Publisher: University of California Press
Released: October 19, 2021
Hate, racial violence, exclusion, and racist laws receive breathless media coverage, but such attention focuses on distinct events that gain our attention for twenty-four hours. The events are presented as episodic one-offs, unfortunate but uncanny exceptions perpetrated by lone wolves, extremists, or individuals suffering from mental illness—and then the news cycle moves on. If we turn to scholars and historians for background and answers, we often find their knowledge siloed in distinct academic subfields, rarely connecting current events with legal histories, nativist insurgencies, or centuries of misogynist, anti-Black, anti-Latino, anti-Asian, and xenophobic violence.
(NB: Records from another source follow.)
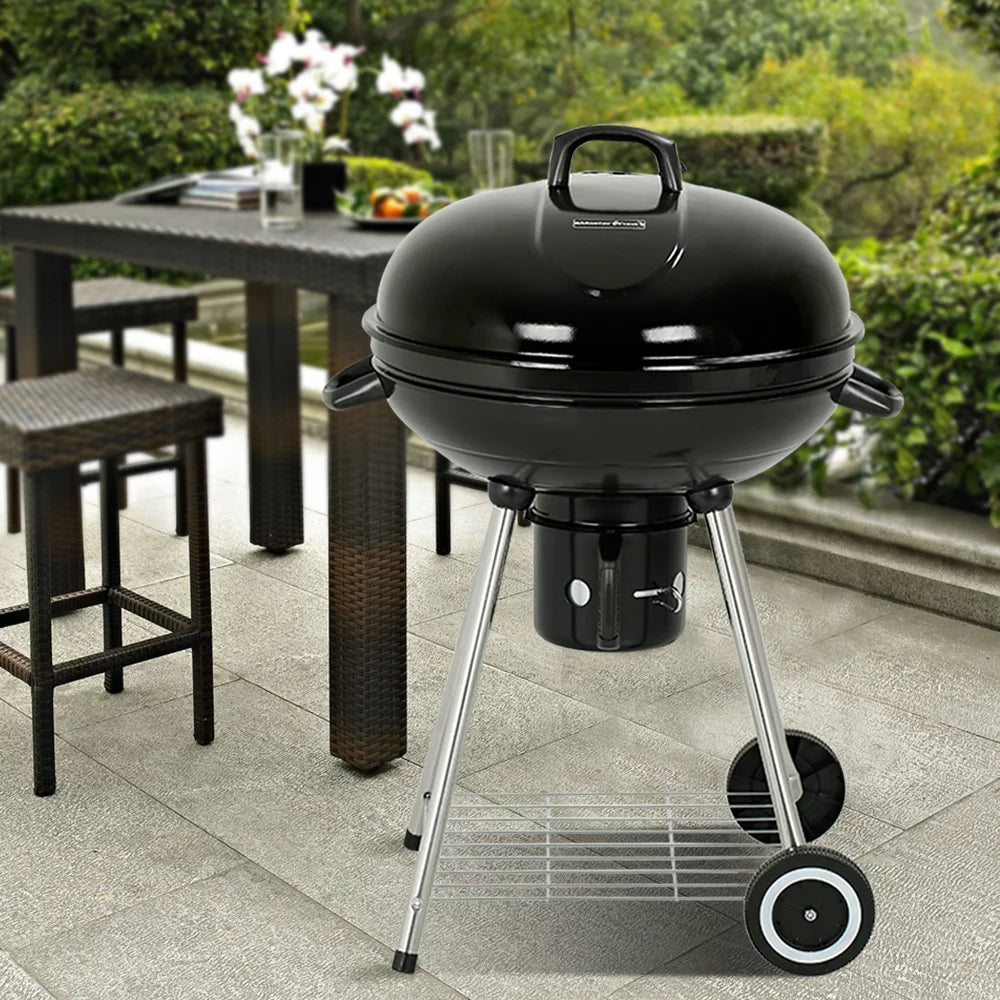 22" Round Portable Charcoal Kettle Grill with 2 Wheels, Black Z2661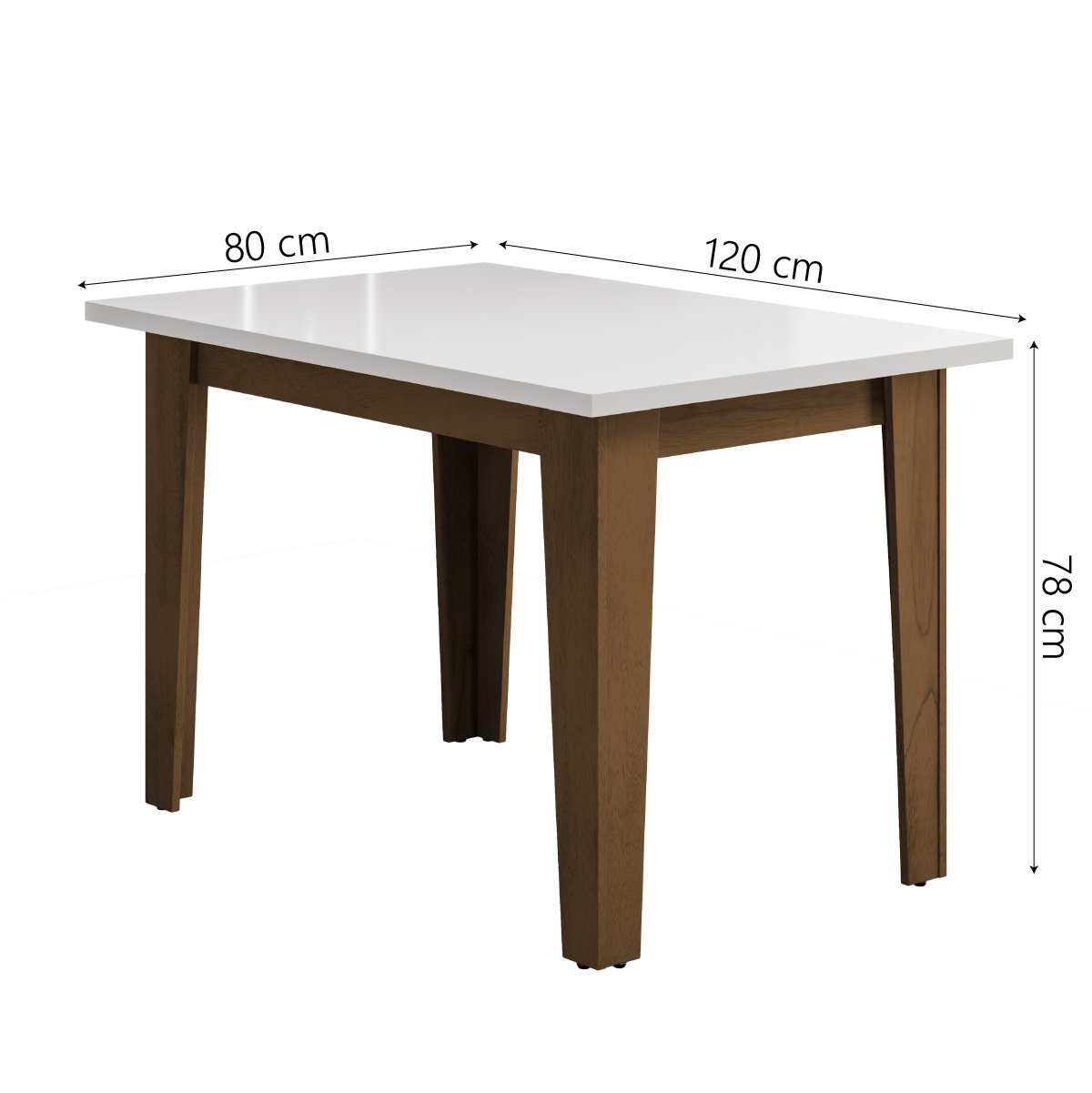 Conjunto de Mesa Sala de Jantar Miami com 4 Cadeiras Trieste Suede 1,20m Cedro / Off White / Mascavo - 3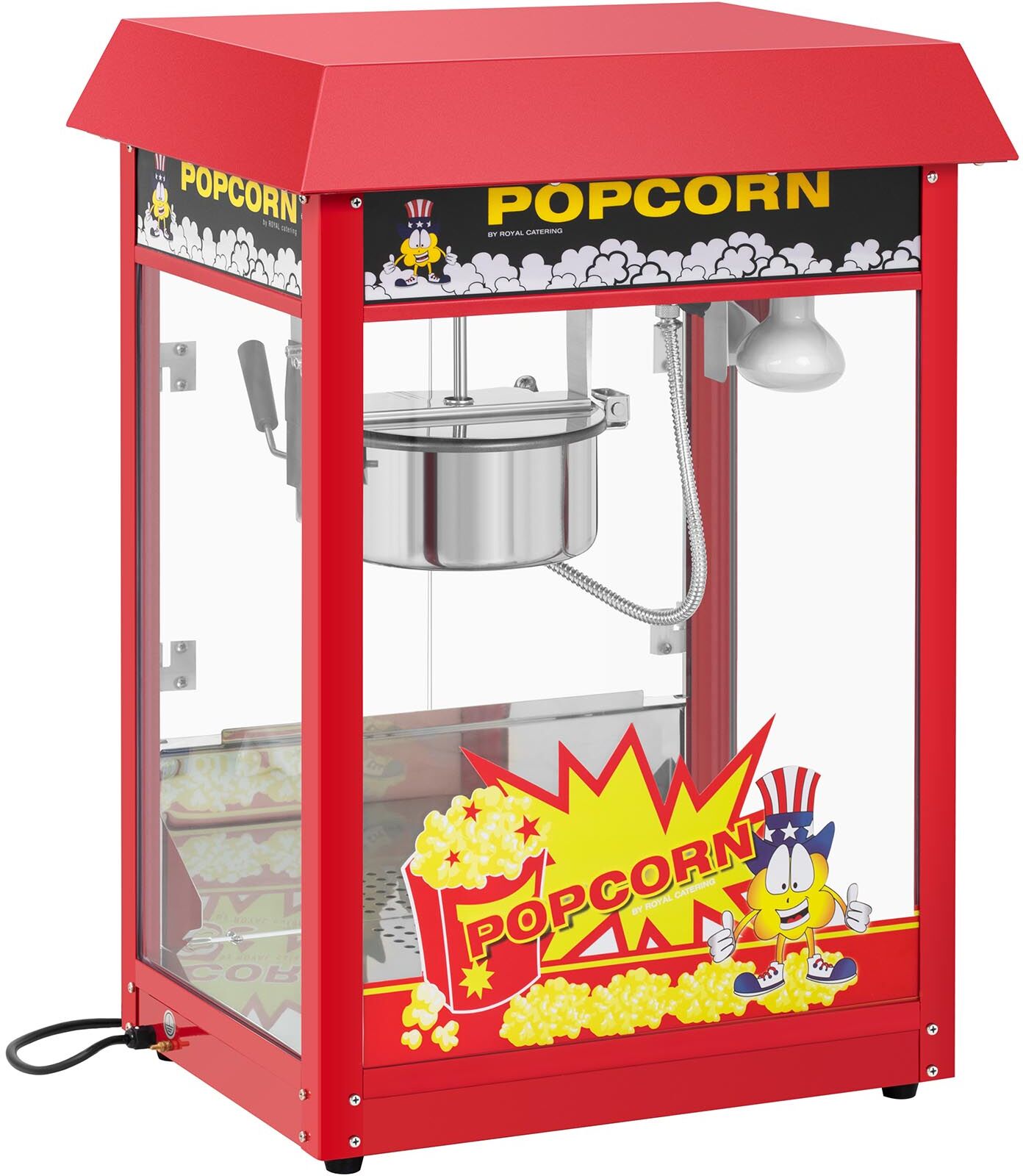 Royal Catering Popcorn-kone - 120 s työjakso - punainen katto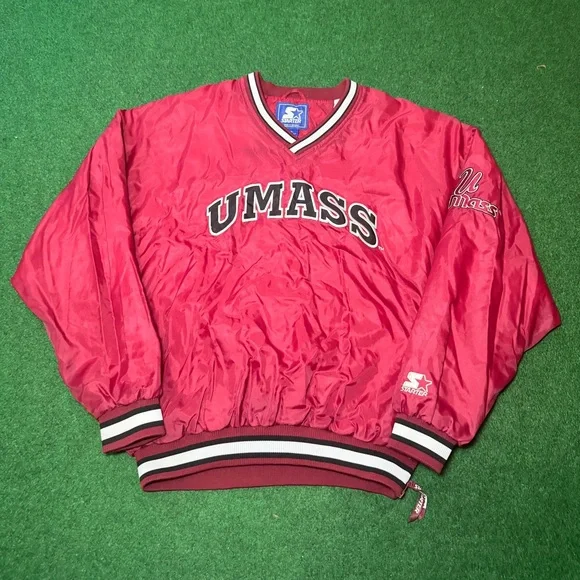 Vintage UMass Minutemen Boston University 90s Starter XXL Windbreaker Jacket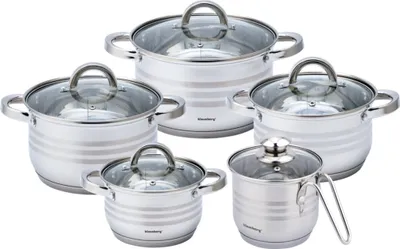 Produktbild von Klausberg ocelové hrnce 10 elementů 1,7l, 2,1l, 2,9l, 3,9l, 6,6l KB7696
But recent hateful actions are deeply connected to the past—joined not only by common perpetrators, but by the vast complex of systems, histories, ideologies, and personal beliefs that comprise white supremacy in the United States.
Gathering together a cohort of researchers and writers, A Field Guide to White Supremacy provides much-needed connections between violence present and past. This book illuminates the career of white supremacist and patriarchal violence in the United States, ranging across time and impacted groups in order to provide a working volume for those who wish to recognize, understand, name, and oppose that violence. The Field Guide is meant as an urgent resource for journalists, activists, policymakers, and citizens, illuminating common threads in white supremacist actions at every scale, from hate crimes and mass attacks to policy and law. Covering immigration, antisemitism, gendered violence, lynching, and organized domestic terrorism, the authors reveal white supremacy as a motivating force in manifold parts of American life. The book also offers a sampling of some of the most recent scholarship in this area in order to spark broader conversations between journalists and their readers, teachers and their students, and activists and their communities.